The CMRS Seminar is designed to give UCLA students an opportunity to meet and interact with prominent authorities in the field. The series was established in the Spring Quarter 1994 by the CMRS Director Patrick Geary, who coordinated the first seminar. That class, “Europe at the End of the First Millennium” (History 197G), drew great acclaim and prompted the decision to make a CMRS-sponsored seminar a regular event.

Each year, the Center selects one or more courses from proposals submitted by faculty members to be designated as CMRS Seminars. These classes receive special funding from the Center making it possible for distinguished scholars to be brought to UCLA to participate in seminars and symposia, to present lectures, and to have informal discussions with students and faculty.

CMRS Seminars for 2008-09

In Spring 2009, Professor Kendra Willson (Scandinavian Section) will offer a CMRS Seminar on Eddic poetry (Old Norse C135/235, Readings in Old Norse-Icelandic Verse). The Eddic poems, preserved in a thirteenth-century Icelandic manuscript, are a central source for the reconstruction of Germanic mythology, as well as an important document for reconstructing the linguistic history of North Germanic; the later reception of these texts has also played a fundamental role in shaping literary and cultural history in the Nordic countries and beyond. The seminar will combine translation sessions, where students will work to understand Eddic poems at a basic level, with lectures presented by a series of inivited speakers who will provide exposure to different approaches to Eddic poetry and present opportunities to discuss the texts from different perspectives (literary, linguistic, philological and mythological) and in a variety of comparative contexts. The course coincides with the CMRS Ahmanson Conference on mythology, co-organized by Professor Willson and Professor Joseph Nagy (English), which will include the contributions by Old Norse scholars such as Professor Margaret Clunies Ross (Director, Centre for Medieval Studies, University of Sydney). Thus, the spring of 2009 promises to be a very stimulating time for Eddic studies at UCLA. Students can enroll in the class using URSA in the usual fashion. The course presumes a knowledge of Old Norse; prerequisite Old Nore 152 or permission of the instructor. For more information, contact Professor Willson at willson@humnet.ucla.edu.

Past CMRS Seminars:

Winter 2007: “Arcadian Imaginaries” (English 246), coordinated by Professor Lowell Gallagher, will introduce students to a representative sample of early modern prose romances: the 1593 composite version of Philip Sidney’s Arcadia, Mary Wroth’s Urania (1621), and John Barclay’s enormously popular (but today little-known) Argenis (1622). The seminar’s aim will be to apprehend the aesthetic imagination, hermeneutic principles, and literary models informing these Elizabethan and Jacobean texts; to understand their placement in specific social, political, and religious networks; and to assess their ideological significance. Professor Jonathan Crewe (Dartmouth University) will be at UCLA for a week as one of CMRS’s Distinguished Visiting Scholars.

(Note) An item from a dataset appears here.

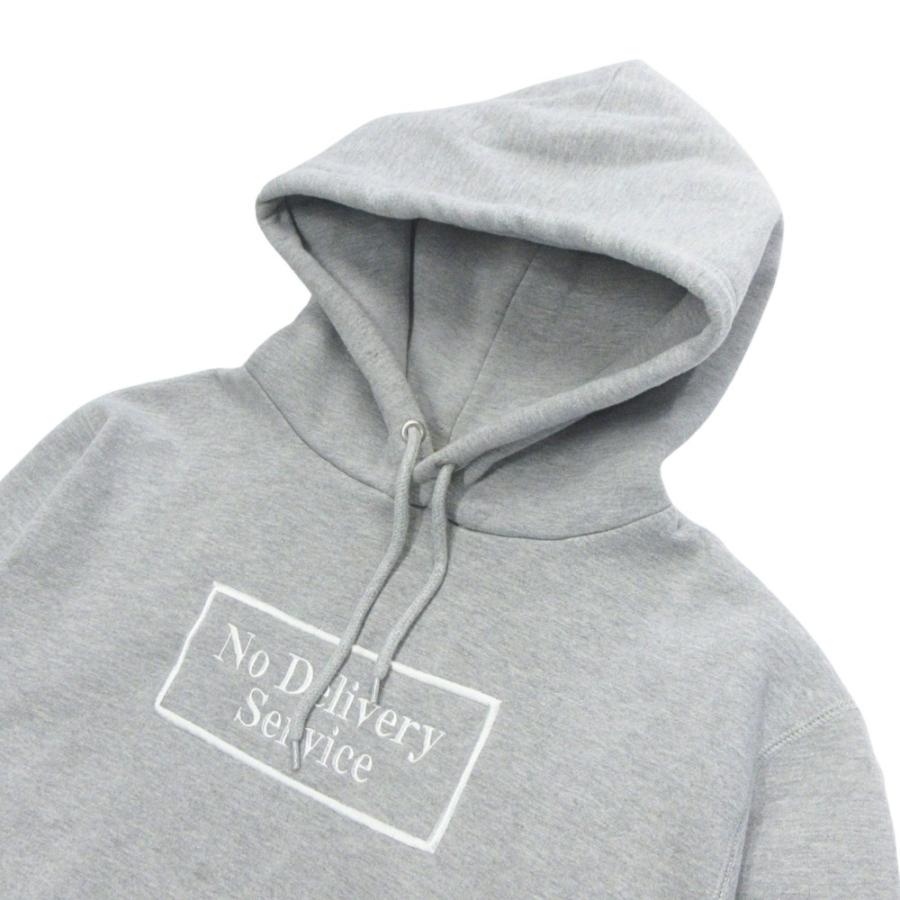 FR2 良品 エフアールツー No Delivery Service プルオーバー パーカー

Winter 2006: Professor Patrick Geary (History) offered a course about ”Medieval Conflict Resolution.” It explored the means by which conflicts were pursued, resolved, and transformed in Europe during the Middle Ages, a time when conflict resolution relied less on formal governmental institutions than on practices based on religious and social custom and tradition. Students read original sources (in translation), as well as secondary literature on medieval conflict and dispute.

Winter 2006: Professors Joanna Woods-Marsden, Sharon Gerstel, and Charlene Villaseñor Black (all of the Art History Department) taught a course about the artist El Greco (1541-1614), examining the three phases of his career—El Greco's relationship to the Byzantine heritage of his native Crete; the artist in relation to the art and ideology of Counter-Reformation Italy; and his career in Spain at the turn of the seventeenth century. Important El Greco scholars, including Ferdinand Marías of the Complutense University in Madrid, Robin Cormack of the Courtauld Institute in London, and Nikos Hadjinikolaou of the Institute of Mediterranean Studies in Rethymnon, participated as guest lecturers.

Fall 2005 and Winter 2006: Professors Claire MacEachern and Debora Shuger (both of the English Department) taught a two-term graduate-level course sequence on political models from the ancients through the seventeenth century. In fall 2005, Professor Shuger's class explored ”The Forms of Power: Political Thought from Antiquity through the Middle Ages.” Then, in winter 2006, Professor MacEachern's class considered ”The Invention of the Legal Self in Renaissance England.”

Winter 2005: “Early English Stages: 1400-1576” (English 244), coordinated by Professor Gordon Kipling (English). Seminar participants examined a variety of plays, such as biblical dramas, courtly mummings, royal entries, and progress pageants. Guest speakers included Professors David Bevington (University of Chicago), Alexandra Johnston (University of Toronto), Barbara Palmer (Mary Washington University), and Meg Twycross (University of Lancaster).

Fall 2003: “Rebuilding Rome: Using Virtual Reality (VR) Modeling to Experience the Ancient City” (Architecture and Urban Design 19), taught by Professor Diane Favro (Architecture and Urban Design).

Winter 2003: “Medieval Writings by and for Women”(English 244), coordinated by Professor Christopher Baswell (English).

Winter 2002: “Inca Garcilaso de la Vega and the Early History of Peru” (Spanish 277B), coordinated by Prof. Efrain Kristal (Spanish and Portuguese).

Winter 2001: “Models of Epic and Ballad Performance in Oral Tradition: Ancient, Medieval, and Modern” (English M243A, The Ballad), coordinated by Prof. Joseph Falaky Nagy (English).

Fall 1999: “Rural Life in the Middle Ages and Early Modern Europe-Peasants, Lords, and Power” (History 201), coordinated by Prof. Teofilo Ruiz (History).

Spring 1999: “Cultures of Catholicism, 1590-1640” (English 246), coordinated by Prof. Lowell Gallagher (English).

Winter 1998: “Renaissance and Baroque Dance: Dance and Text” (WAC 130), coordinated by Prof. Emma Lewis Thomas (World Arts and Cultures).

Spring 1997: “Medieval Celtic Literature” (English M111E), coordinated by Prof. Joseph Nagy (English).

Fall 1995: “Dante and the Media” (Italian 110), coordinated by Prof. Massimo Ciavolella (Italian).